A pragmatic approach would be as follows:
• Ask the ‘surprise question’ (‘Would I be surprised if this patient died in the next year?’) for all potential patients.
• If the answer is ‘no’, most patients should be receiving end of life care. The implications of this include the likely need for advance care planning, focusing on enhancing quality of life, basing care in the community, and so on.
• If the answer is ‘yes’, most patients may not yet be requiring end of life care. However, if a number of the other triggers listed above are true, they are likely to be in need of palliative or supportive care.
The terminal phase is defined as the last few days or hours of a patient's life. A patient in the terminal phase is in the process of dying. The terminal phase can be thought of as the period where even treatment of reversible causes of deterioration cannot change the outcome or its timing.
As the patient gets near to death the following features of dying may be seen:
• Increasing weakness and periods of sleeping, becoming semiconscious.
• Less keen or able to get out of bed.
• Less interested in or aware of things happening around him/her.
• Only able to take sips of fluid; unable to take tablets.
• Sometimes confused, occasionally agitated.
Some of these features will have been present before the terminal phase.

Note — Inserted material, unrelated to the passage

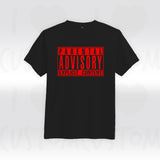T-shirt ilovecustom Parental Advisory Explicit Content logo rouge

Entry into the terminal phase is suggested when most of the above become evident at the same time.
The key challenge of recognizing entry into the terminal phase is that the same clinical features may be seen when a patient has deteriorated from a reversible cause, such as a chest infection. It is vital to do a clinical assessment, taking a history and examining the patient, to exclude reversible causes of decline, before coming to the conclusion that a patient is dying. It may even be necessary to undertake simple investigations. On occasion, a decision may be made not to treat a reversible cause of deterioration. If it is apparent in advance that such a decision will be made, there is clearly no need to search for the underlying cause.
The care of patients in the terminal phase is described in chapter 12.